Şahin Ören’nin açıklamasının tamamı şu şekilde “Zonguldak Bülent Ecevit Üniversitesi Karadeniz Ereğli Turizm Fakültesi dekanı Prof. Dr. Mehmet Pekkaya son 1.5 yıldır fakülte tarihinde emsali görülmemiş sorunlara sebebiyet vermiştir. Bu süreçte bugüne kadar hiç yaşanmamış pek çok sorun ortaya çıkmıştır. Üniversitenin İktisadi İdari Bilimler Fakültesinde görev yapmakta olan ve kariyeri boyunca neredeyse hiçbir yöneticilik görevi üstlenmemiş olan Pekkaya’nın yaptığı uygulamalar, makamının gerektirdiği mevzuat bilgisinden yoksun ve rencide edicidir. Bu uygulamalar fakülte bünyesinde görev yapmakta olan akademisyenler üzerine mobbing olarak değerlendirilmiş ve iş barışını bozacak nitelikte büyük tartışmalara sebep olmaya başlamıştır. Birçok akademisyen eğitim öğretim faaliyetlerini yürütemez hale geldiklerini belirtmişlerdir.

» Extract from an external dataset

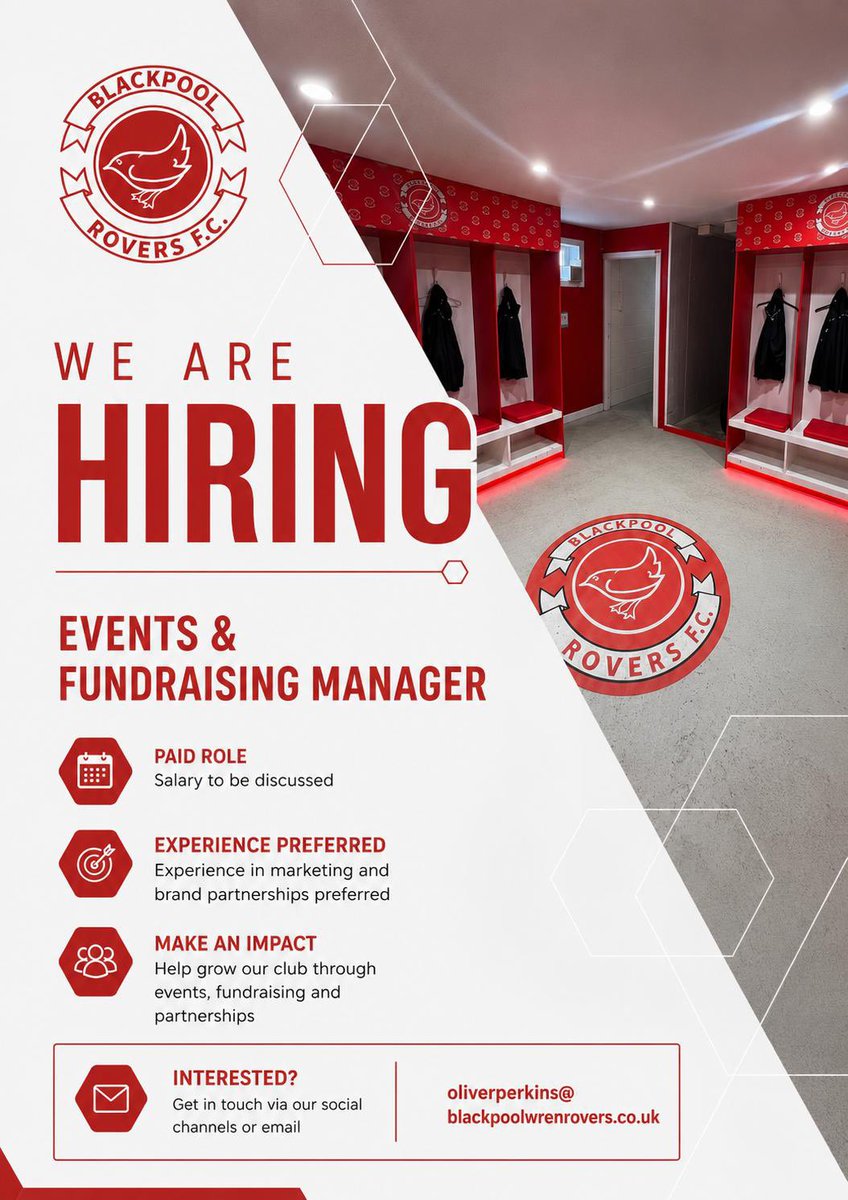 WrenRovers's tweet photo. ‼️| WREN ROVERS ARE HIRING! We’re on the lookout for an individual (or small team) to take on a new, exciting role of Events &amp; Fundraising Manager.
(1/3) https://t.co/GJSjyForr2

Araştırma Görevlilerine Yoğun Baskı
Fakültede görev yapan akademisyenler tarafından Pekkaya’nın hukuki açıdan hiçbir şekilde hakkı olmayan uygulamalar ile fakülte içerisinde aşırı dereceye varan bir mobbing havası estirdiği ifade edilmektedir. Mesela bu sayın Pekkaya, Araştırma görevlilerini sabah 8.30 itibariyle defalarca üstelik görüntülü aramış, bu görüntülü aramalara araştırma görevlilerinin tanımadığı üçüncü bir numarayı da ekleyerek fakültenin bayan araştırma görevlilerini son derece tedirgin etmiştir. Ayrıca kadın araştırma görevlilerinden neden görüntülü aramaları açmadıkları ile ilgili soruşturma olmaksızın usulsüz şekilde savunma yazısı talep edilmiştir.. Soruyorum şimdi sizlere “bir akademisyen, hatta kadın bir akademisyen tanımadığı ya da tanıdığı birinin görüntülü aramasını cevaplamak zorunda mıdır? Bu nasıl bir yönetim anlayışıdır? Makam ve mevkisini kullanarak bir başkasını görüntülü arama cesaretini kim ya da kimlerden almaktadır? Eğer bu uygulamaları talimatla yapıyorsa bu talimatı kimler vermektedir? Yok eğer kendi öz iradesiyle yapıyorsa bu kişinin değil bu makamda, insan ilişkilerinin bulunduğu hiçbir yerde bulunmaması gerekmektedir.”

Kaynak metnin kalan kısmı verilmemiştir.